• _Exercise objective_:
A verbatim reproduction of the following listing is required; omit the pictures.

• _Given data_:

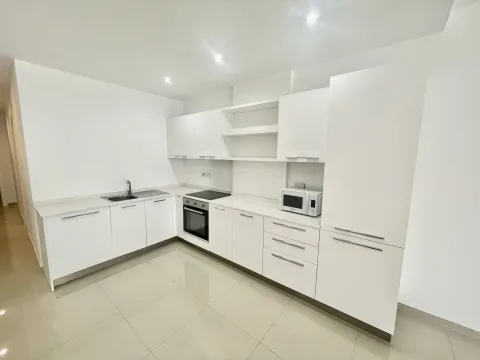 2 bed Apartment For Rent in St Julian's, St Julian's - thumb 6
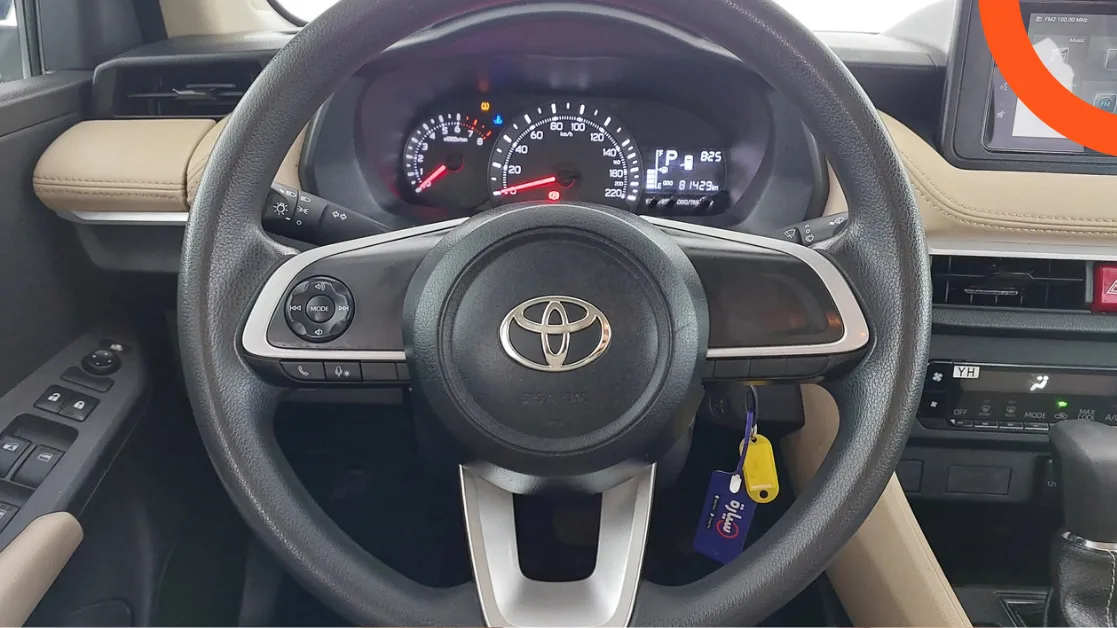 تويوتا يارس 2023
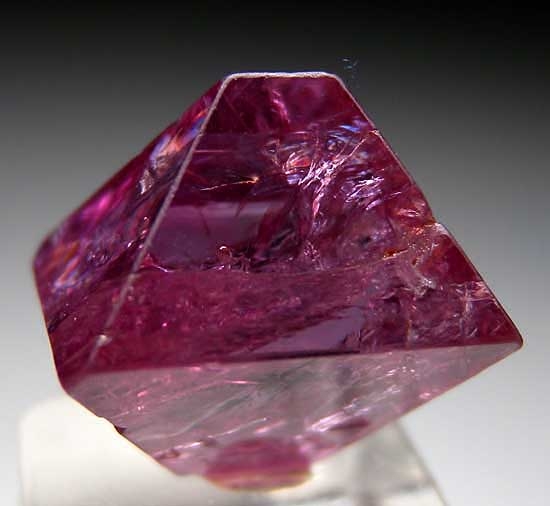 Spinel from Mogok, Myanmar [db_pics/pics/a865a.jpg]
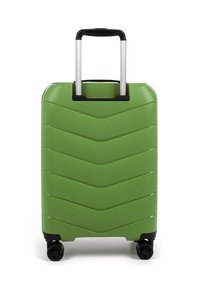 Zelený tvrdý kufr s chevronovým vzorem, hliníkovou teleskopickou rukojetí a čtyřmi černými kolečky. Hladký povrch a kompaktní obdélníkový tvar.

• _Exercise answer_:
 2 bed Apartment For Rent in St Julian's, St Julian's - thumb 6
 تويوتا يارس 2023
 Spinel from Mogok, Myanmar [db_pics/pics/a865a.jpg]
 Zelený tvrdý kufr s chevronovým vzorem, hliníkovou teleskopickou rukojetí a čtyřmi černými kolečky. Hladký povrch a kompaktní obdélníkový tvar.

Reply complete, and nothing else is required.